Malaika Stewart, math content specialist at Shady Grove, has taught math at the middle-school level for 27 years. She admitted apprehension about getting a new coach, but “Jacque came in and helped us see some of the things in the curriculum that we didn’t even know were there. Now that we have been exposed to new things, the kids are really catching on.”

Stewart said math language routines are pivotal part of helping all students build academic language and confidence in math. “We have a high ESOL (English Speakers of Other Languages) population in our school, so those routines are valuable, not just for those students, but for all the students. When students get used to a process of how to attack problems, it helps them to gain confidence.”

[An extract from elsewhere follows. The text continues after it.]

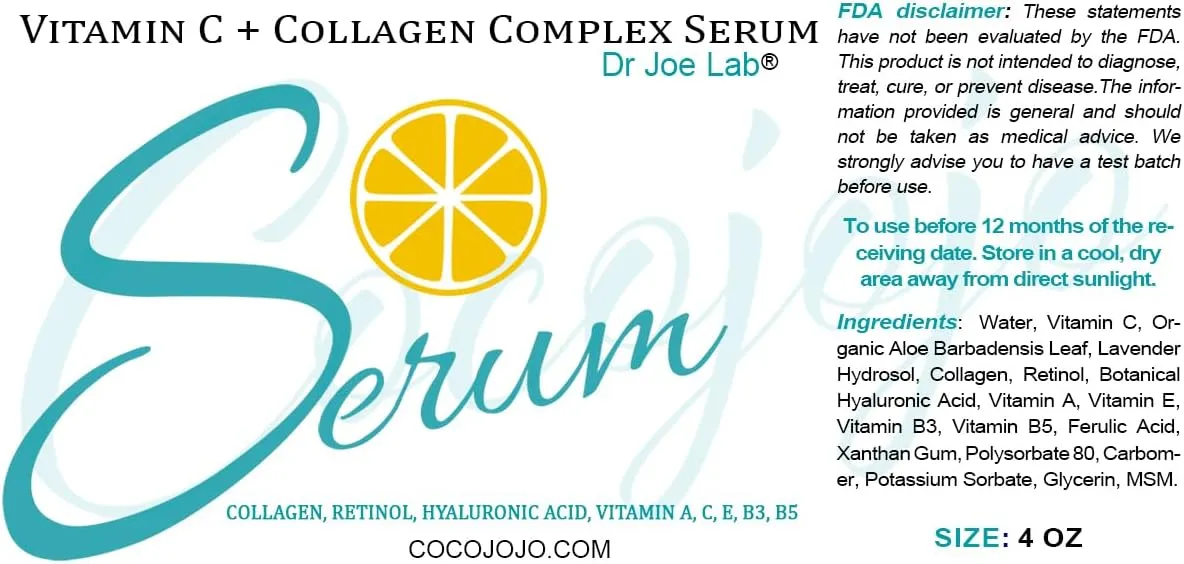 Dr Joe Lab #1 Vitamin C & Collagen Complex Serum Bulk - Multiple Purposes Face Skin Ultra Hydrating Rejuvenating Instant Moisturizer COCOJOJO (4 oz)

Learning Forward shared a math language routine resource with webinar attendees who asked to know more. The white paper explains the framework included in Illustrative Mathematics that “helps teachers address the specialized academic language demands in math” (Zweirs et. al, 2017).

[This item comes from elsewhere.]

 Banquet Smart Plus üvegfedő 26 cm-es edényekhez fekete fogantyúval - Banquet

Mariott said from a coaching perspective, another significant professional learning shift was setting a PLC goal for schools in the network based on an instructional practice that teachers in the PLC wanted to embrace and work toward together. “Anytime I’m with a PLC planning for how student learning is going to happen, I bring them back to what their goal is as a group to grow.”

Measuring impact

Loznak said the district is conducting an implementation evaluation on the new curriculum-based professional learning initiative. The educators are using practical measures – quick, low-burden ways of collecting data as part of their day-to-day work – to study how their changes in instruction are impacting the “cooldowns” that are part of Illustrative Mathematics and designed to help students synthesize the day’s learning. At the same time, they are tracking district and school assessment data, and are in early stages of comparing data from schools with coaches to those without coaches.

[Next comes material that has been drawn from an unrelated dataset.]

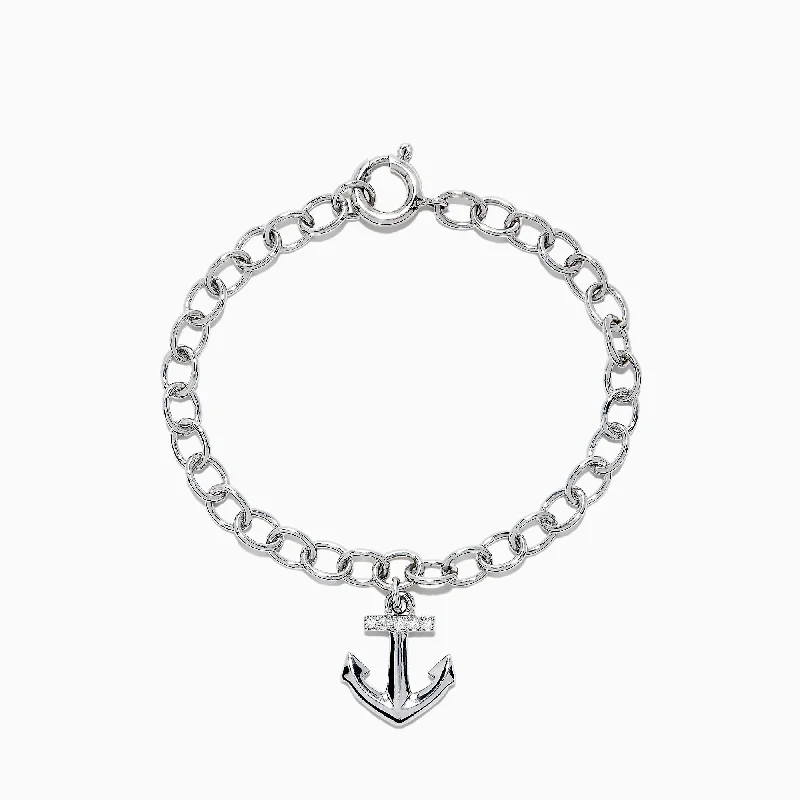 Ladies Bracelets Fine Shine-Seaside Sterling Silver Diamond Anchor Charm Bracelet, 0.05 TCW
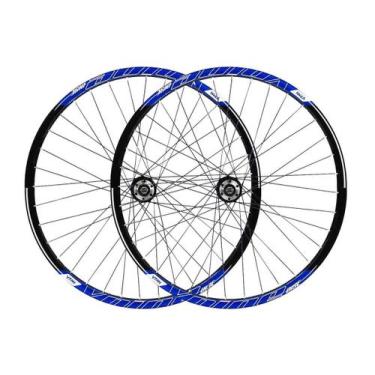 Imagem de Par de aro 29 VZAN VNINE 36F com cassete rolamentado, Preto, Azul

To learn more about how the work in the CBPL Network is measured, read the recent article in The Learning Professional, “Practical measures tell us if change is making a difference,” by authors Michelle Bowman and Nick Morgan, which describes the practical measures in use by the CBPL district members to capture aspects of teaching and learning in 6th- to 8th-grade math and algebra.

“Helping teachers to understand what’s in the curriculum has helped the students to thrive in that environment, which is something that they weren’t used to at all,” Malaika Stewart said. “It didn’t happen overnight, but over time they (students) developed the skills. Now it’s just like second nature to them. When the kids are more confident, they’ll talk about it more, they’ll share more, and you’ll see their scores go up, and that’s exactly what’s happening.”